Se mira las manos sobre las piernas, contra el gris de la bata, inmóviles.
Nada, salvo el tiempo, parece suceder.
Sobre el estanque se ha ido acumulando un poco de niebla. Flota sobre el agua, la oculta a la vista antes de desaparecer del mismo modo silencioso en que se ha formado. En el reflejo movedizo del agua está de nuevo la imagen invertida de los árboles de la otra orilla, hacia el centro del estanque se multiplican las sombras, la espesura y los árboles del fondo, y el suave movimiento del agua parece dibujar un sendero oculto entre las raíces y el musgo.
Los pasos de la mucama, pausados, breves, se escuchan a lo lejos.
El movimiento del agua cesa por un momento, el sendero ha desaparecido.
Se mira de nuevo las manos.
Inhala, exhala.
Se levanta.
Deshace el camino hasta su habitación. Deja las sandalias afuera, justo como las ha encontrado, y cierra la puerta corrediza. El jardín parece lejano, ya no puede escuchar el agua o los pájaros, ni sentir el frío que sube desde el musgo.

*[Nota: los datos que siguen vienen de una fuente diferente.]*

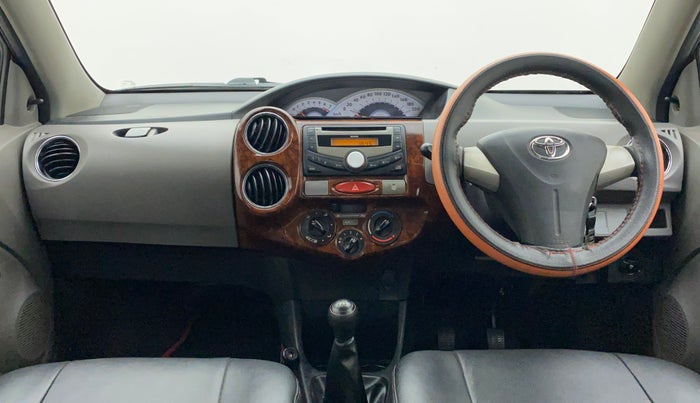 2011 Toyota Etios Liva V, Petrol, Manual, 27,013 km, Dashboard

Vuelve a sus instrumentos, coloca las rodillas con dificultad sobre el tatami. El cuerpo se acomoda frente a la mesacomo si regresara a su estado natural, una rama que el viento ha agitado y vuelve al reposo.
Mira la hoja en blanco, toma el pincel como lo ha hecho siempre, como no podría dejar de hacerlo. Moja las cerdas en la tinta, y lo sostiene en el aire, vertical, derecho, como si sostuviera una hoja de hierba entre los dedos.
No se mueve.
El tiempo pasa lento, transparente, inconmensurable.
Sobre el papel, la niebla empieza a disiparse.
Una mucama camina sin prisa hacia un sendero oculto entre las sombras, los árboles y el musgo.